Born to a life or privilege he had a reputation for haughty arrogance that often landed him in trouble. In 1672, he pulled strings in court and was given the job of governor of Canada, mainly to elude his creditors. He soon began abusing his authority and jailed or exiled officials who questioned his methods. He also upset the church by selling brandy to the Indians. In about 1675, he began openly feuding with the Intendant, Jacques Duchesneau. The quarrel about earnings from the fur trade ended with their recall and dismissal in 1682. Reinstated at the outbreak of the war with the Iroquois Confederacy, he sent raiding parties against the Iroquois headquarters in New York, which sparked off a naval siege of Quebec City by the British. When the Royal navy demanded his surrender, he responded: “I have no reply to make, except from the mouths of my cannons.” The siege failed and he then launched a devastating guerrilla war on the American colonies and on the Iroquois. All the while, he pursued an illicit scheme to get rich off the fur trade. His death in office likely saved him from a second dismissal.
The Loyalist Directory
The three subsequent items are updates to the locally-hosted Loyalist Directory. Click on the link for more.
William Scoles, born about 1762 somewhere in the Thirteen Colonies, had served in the American Revolution with the 33rd Regiment of Foot. He had been in the fishery business after his discharge. He petitioned for land in 1788 and was granted it in Sandwich Point, Halifax County, Nova Scotia. He died and was buried at Ferguson’s Cove. Contributed by Kim Hurst UE, Bicentennial ranch.
Peter McIntosh, born in Invernesshire Scotland, served in the KRRNY during the revolutionary war and settled afterwards in Lancaster Township, Glengarry County.
Proved and submitted by Grant McIntosh UE.

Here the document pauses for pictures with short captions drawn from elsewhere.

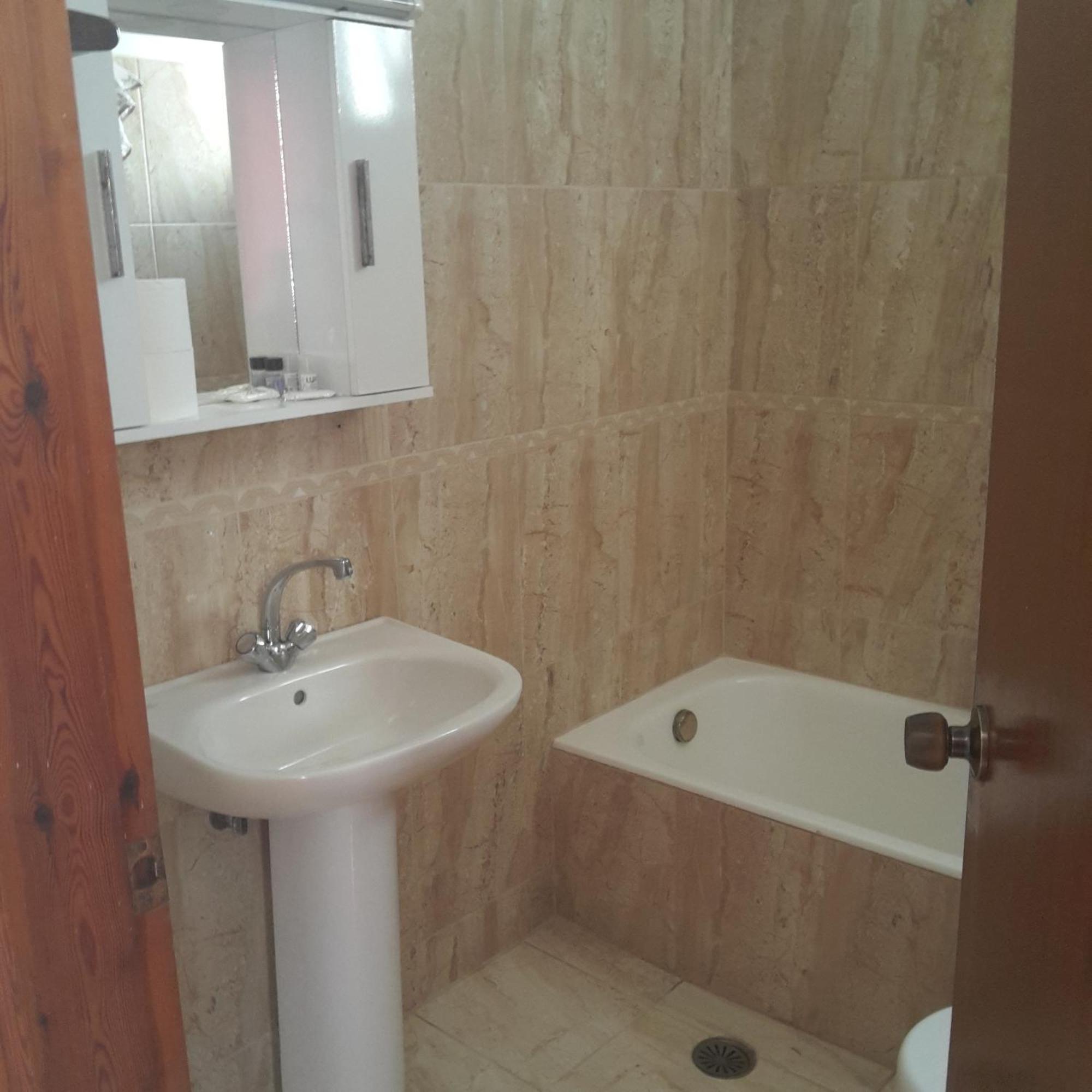 Apostolis Hotel Apartments Pefki エクステリア 写真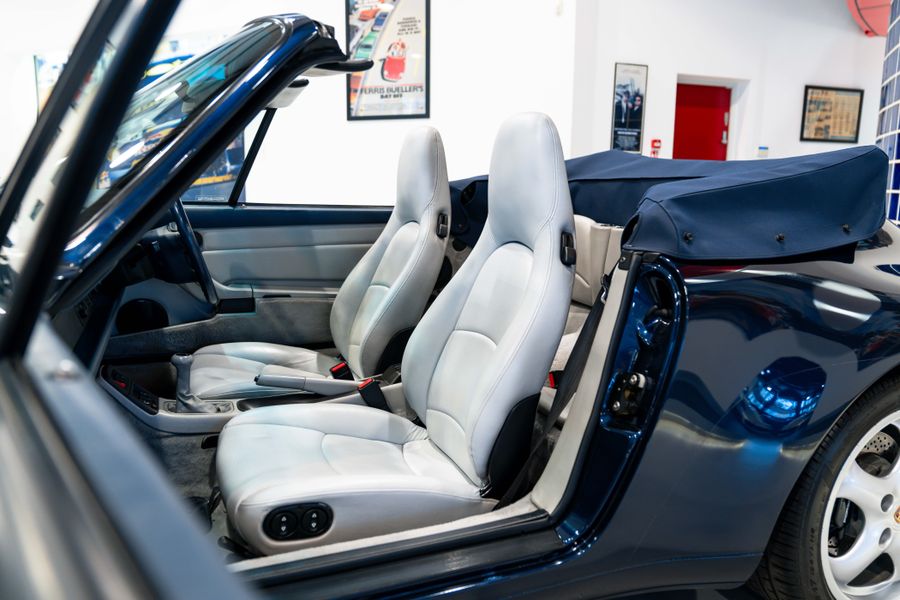 Porsche 911 993 Carrera 2 Cabriolet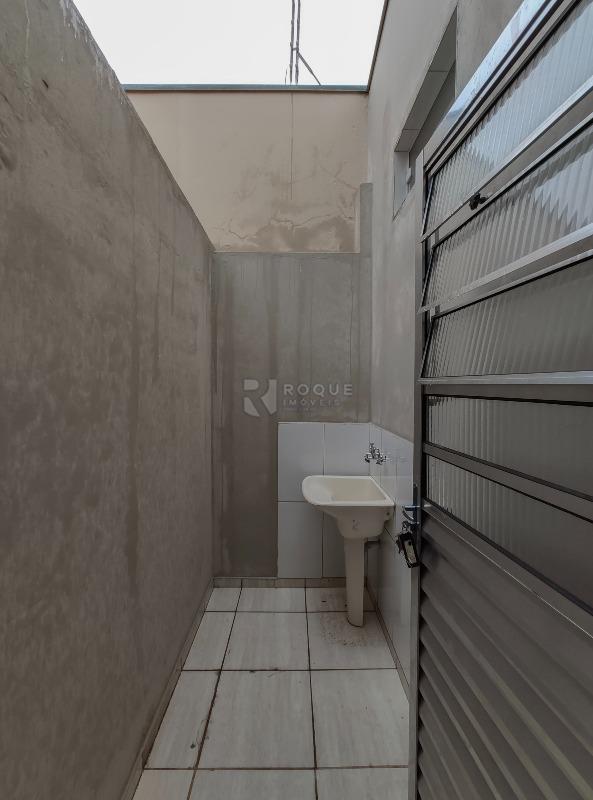 Casa Residencial para aluguel no bairro Jardim Campo Verde I: Área de serviço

“In 1776 he joined Butler’s Rangers and served six years as a sergeant and corporal. In January 1781 he was at Fort Niagara serving as a sergeant under the command of Lieutenant John Turney. In April of the same year he was court marshaled, along with two officers, Lieutenant Peter Ball and 2nd Lieutenant Joseph Ferris. The Court Martial files have disappeared from the records in the British Library, but a sense of the crime can be determined in the General Order. Sergeant Frelick tried for being concerned with Lieutenants Jacob and Peter Ball and 2nd Lieutenant Joseph Ferris in writing an anonymous letter to Brigadier General H. Watson Powell, Commanding the Upper Posts, and Charging Lieutenant Colonel Butler and other Officers of said Corps with Capital Crimes and to stir up a mutiny and sedition among the men of the Corps of Rangers, and for speaking disrespectfully of the Commanding Officer of the Regiment, is found guilty of the 3rd Charge exhibited against him, and sentenced on account of the undoubted testimony of his general and good character in the Corps, and likewise on sundry occasions, only to be reduced to the ranks.” Alan D. Woolley. This is found in the Haldimand Papers.